Está todo bien en Las vidas de Sing Sing, la última película del ciclo del Oscar en estrenarse en cines uruguayos. Es una historia inspiradora sobre el poder transformador del arte. Que transcurra en una cárcel de alta seguridad (la Sing Sing del título) y sea una historia real, la hacen aun más trascendente. Hay varias lecciones implicadas en su anécdota.

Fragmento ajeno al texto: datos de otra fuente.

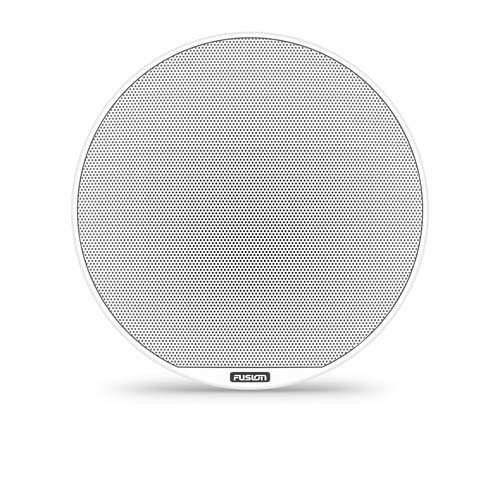 Fusion SG-S103W 10'' SUBWOOFER CLASSIC WHITE, AMP 2P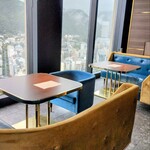 カフェ・レストラン 神戸望海山 - 内観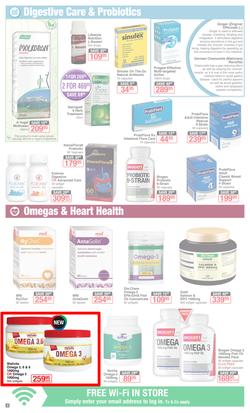 Dis-Chem : Summer Savings (22 Nov - 16 Dec 2019), page 4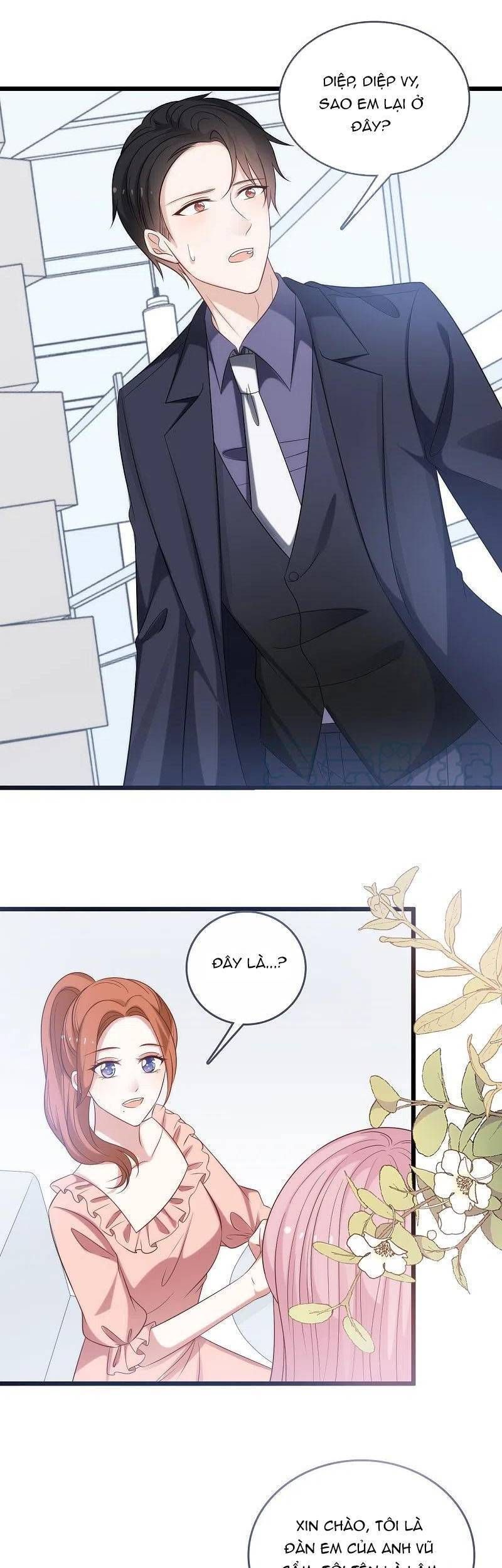 đọc truyện Tổng Tài Daddy Đuổi Tới Nơi Rồi Chương 185 ảnh 4 tại Thiên Thai Truyện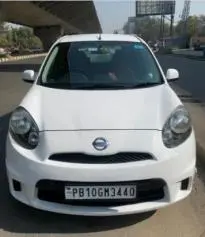 Nissan Micra XL PETROL 2017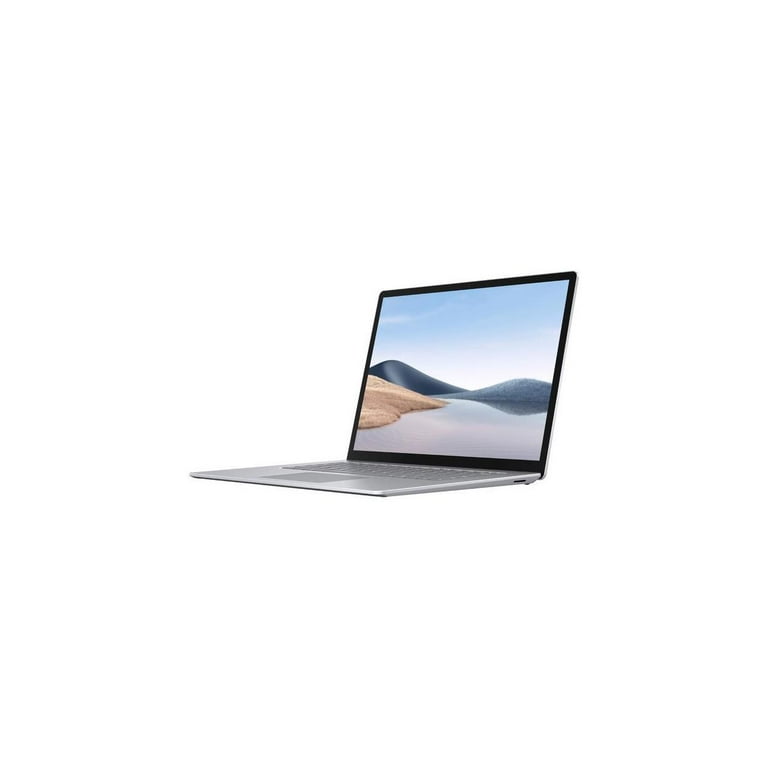 Microsoft Surface Laptop 4, AMD Ryzen 7 4000, 8GB Memory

Escrita por la sociedad creativa de Greg Kwedar (que acá dirige) y Clint Bentley, está basada en las experiencias del programa Rehabilitation Through the Arts (Rehabilitación a Través de las Artes, RTA), que da una efectiva oportunidad de crecimiento. Los papeles secundarios los ocupan convictos que participaron de esa experiencia.
Colman Domingo (merecidísimo nominado al Oscar) es Divine G, cumpliendo una larga condena por un homicidio del que se dice inocente. Fue uno de los fundadores del RTA y aunque su liderazgo está en riesgo con la llegada de Divine Eye (Clarence “Divine Eye” Maclin, otro ex preso), eso no parece mellar el espíritu de la causa.
La historia sigue la puesta en escena de un collage de ideas que combina Hamlet, Freddy Krueger, gladiadores y egipcios. La obra es lo de menos, como parece entender el director que interpreta Paul Rasci, que estuvo nominado al Oscar por El sonido del metal, una película cercana.
Es, claramente, un proyecto para el lucimiento de Domingo, quien se hizo notar en la serie Euphoria y es una gran presencia escénica. Figura como productor y está comprometido con la causa de la película.
En tiempos cínicos, una película como Las vidas de Sing Sing es un bienvenido placebo. Habla sobre las posibilidades de salir adelante y echa una mirada distinta al paradigma actual sobre la vida carcelaria. Dos asuntos urgentes.